A cuppa is one of life's small pleasures, but there has always been some confusion about whether tea and coffee are good for you. With various studies claiming hot drinks can help protect against heart attacks, strokes and even Alzheimer's, we're keen to get to the bottom of the health benefits of tea and coffee.

Reduce risk of Alzheimer's and dementia

Scientists have found a potential link between drinking coffee and tea and combating degenerative brain diseases. Caffeinated drinks contain caffeic acid, which reduces the accumulation of rogue proteins which clump together and destroy memory. It can also reduce memory nerve cells dying, and maintains the levels of a certain signalling chemical.

Caffeic acid is found in coffee amongst other food and drink, and is one of the polyphenol compounds that are commonly found in the Mediterranean diet, which is known for its health benefits.

One review of previous studies outlined that regular and moderate consumption of three to five coffees per day could slash the chance of dementia by up to 27%. Dr Iva Holmerova, vice chairperson of Alzheimer Europe, has said: 'The role of nutrition is an emerging area in Alzheimer's research and the potential benefits of drinking coffee, on both a nutritional and a social level, are increasingly being developed.'


Research published in the European Journal of Clinical Nutrition in suggested that coffee could be the answer to keeping weight off once you've lost it. Participants who consumed two to four cups of coffee per day were far more successful when it came to staying trim than their decaff equivalents.

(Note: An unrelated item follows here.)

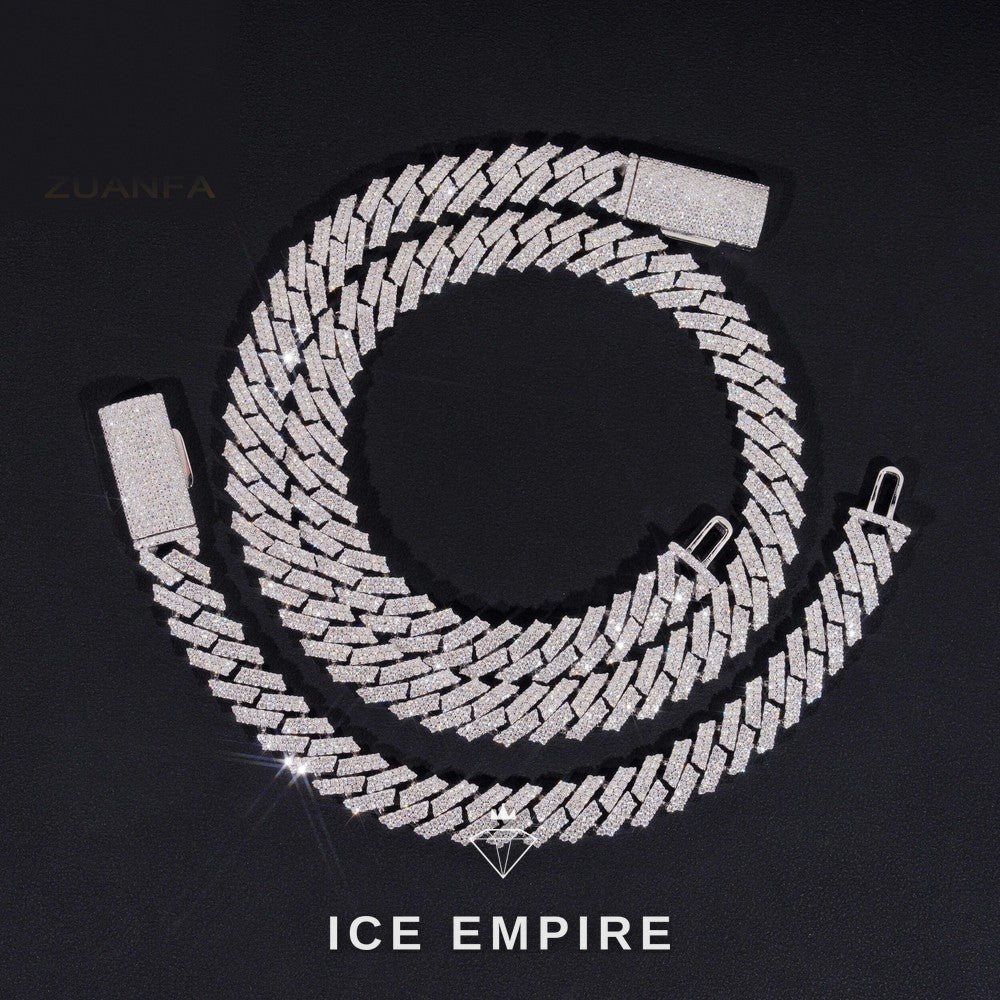 Iced Out 925 Silver Moissanite Cuban Chain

A study from the Anglia Ruskin University also looked at the impact of decaffeinated green tea capsules on body fat. Researchers found that body fat reduced by 1.63% in those study participants who took the 571mg capsule each day for four weeks compared to the placebo group.

Dr Roberts, Senior Lecturer in Sport and Exercise Sciences at Anglia Ruskin University, who led that study said: 'It is known that green tea as a drink can have numerous health benefits as it contains a relatively high amount of an ingredient called EGCG (epigallocatechin gallate). However, to get the dosage required may require closer to 6 or 7 cups of green tea a day.  The 571mg capsules tested contained a daily EGCG dose of 400mg. In essence, our study showed that the use of a green tea extract could potentially help people to lose weight if combined with exercise.  However, we recognise that a larger scale study is now required.'

A longer life

One study showed that drinking tea can help fight heart disease, improve your brain power, lower the risk of heart attacks and strokes and make you feel more alert and cheerful!

Dr Carrie Ruxton - a dietician who conducted a review of 47 published studies -  found that the caffeine in tea (and coffee) has antioxidants which give these health benefits. According to this study, you'll get these benefits if you drink up to eight cups of tea (or four cups of coffee) per day.

Boosts your concentration

The levels of caffeine in coffee make you more alert and actually improve your concentration - this is a really important thing to remember if you feel drowsy when you're driving.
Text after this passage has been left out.